Title: Enhancing Attention-Based Models by Learning Dynamics with Static Content
Ph.D. Candidate: Qinqing Liu
Major Advisor: Dr. Jinbo Bi
Associate Advisors: Dr. Dongjin Song, Dr. Derek Aguiar
Date/Time: Wednesday, July 24, 2024, 10:15 AM
Location: virtual
Meeting link:
https://uconn-cmr.webex.com/uconn-cmr/j.php?MTID=mda5fd90c9bf3d1afbea07485004c30e5
Meeting number (access code): 2637 836 2320
Meeting password: gCyq4T
Abstract:
In the rapidly evolving field of data-driven machine learning, learning the underlying patterns within temporal and sequential data is essential for a plethora of applications, ranging from time series analysis to natural language processing. Yet, the challenge lies in effectively distinguishing and leveraging the dynamics intrinsic to these static features not being confounded by the dynamics. The static features could serve as a foundational bedrock, powerfully modulating the dynamic features’ behavior. The dependence of dynamic properties on their static counterparts is far from trivial, suggesting a profound interdependence that warrants deeper examination. This dissertation explores the novel paradigm of “Learning Dynamics with Static Context,” which seeks to enhance the learning capabilities of attention-based models by anchoring the dynamic features with static context.
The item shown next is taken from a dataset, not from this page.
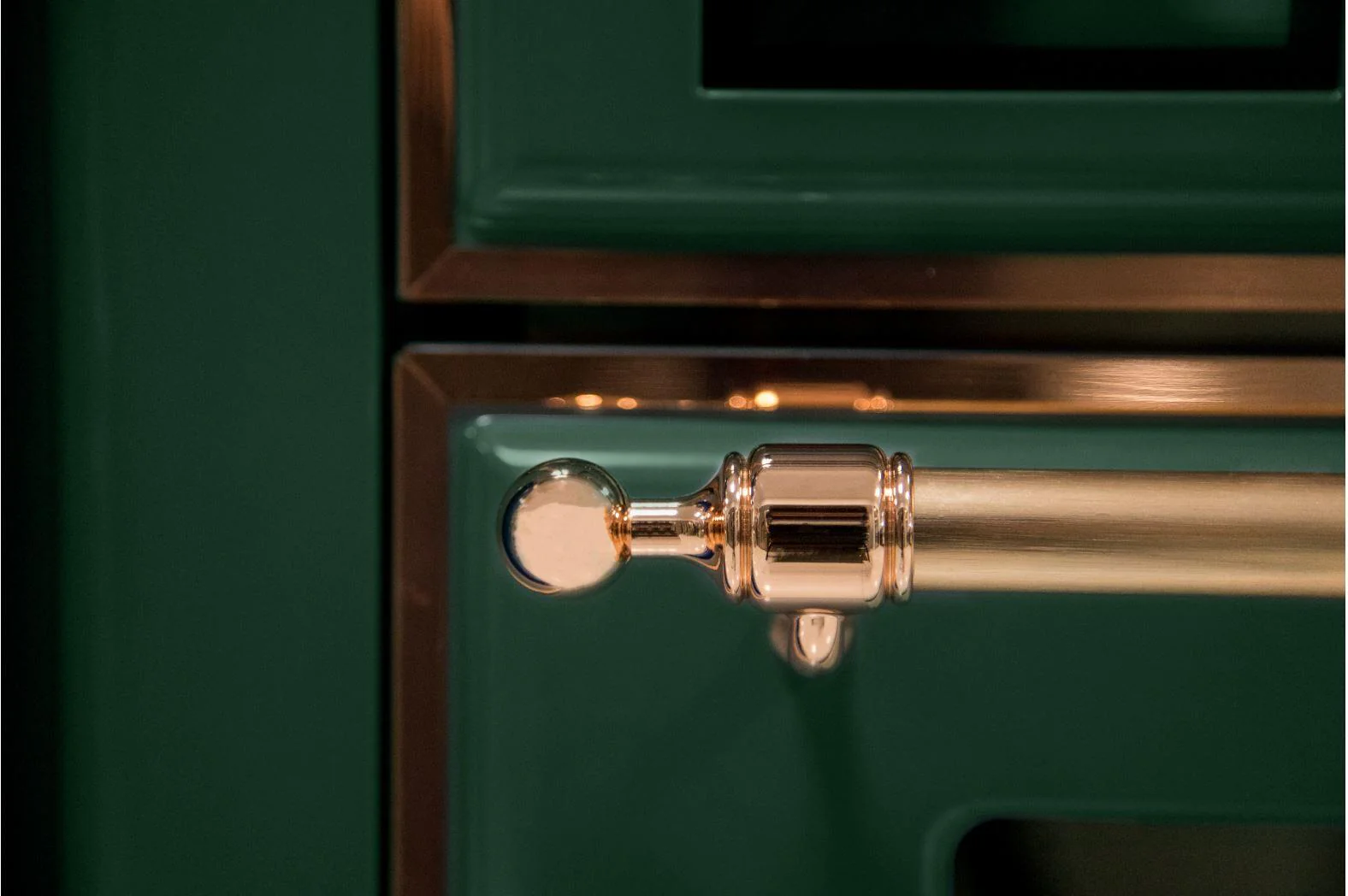 Ilve UM30DNE3EGPLP Majestic Ii 30 Inch Dual Fuel Liquid Propane Freestanding Range In Emerald Green With Copper Trim - Image 8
Building upon this paradigm, our research delves into the fusion of static features with modern machine learning architectures for sequence learning to improve performance and generalization. The introduction of attention and shortcut connections to the Long Short-Term Memory (LSTM) model constitutes our first study, where the LSTM backbone captures dynamic time series patterns, while the static variables provide attention weights to aggregate the embeddings of each time step and also build a shortcut connections between single embedding and final representation. The different stages of dynamics could be distinguished according to the static features and the shortcut connection ensures the information in early stages could be preserved in final representation, thus refining predictions. The second study scales this concept to the Transformer architecture, revolutionizing the treatment of position encodings. Instead of the conventional method of sharing positional encodings among all sequences, we proposed to apply the static variables to inform Customized Positional Encoding that interacts with the self-attention through a Partially Linearized Attention Module. This innovation reconstructs the paradigm of positional awareness in attention-based models, catering to the static variables that underlie the temporal features and proves to be robust. Our forthcoming third study continues this thread, targeting the consistent elements within input and output sequences in text-related tasks. Focusing on seq2seq denoising task, we introduce the Follow-On Tokenizer to output string, which includes a mapping mechanism to identify and preserve consistent tokens between input and output thus minimizing the ‘noise’ or dynamic aspects of the data, thereby enabling the model to focus on rectifying errors such as typographical and phonetic anomalies. This facilitates more precise, context-aware spell correction and suggests broader implications for error remediation in textual data.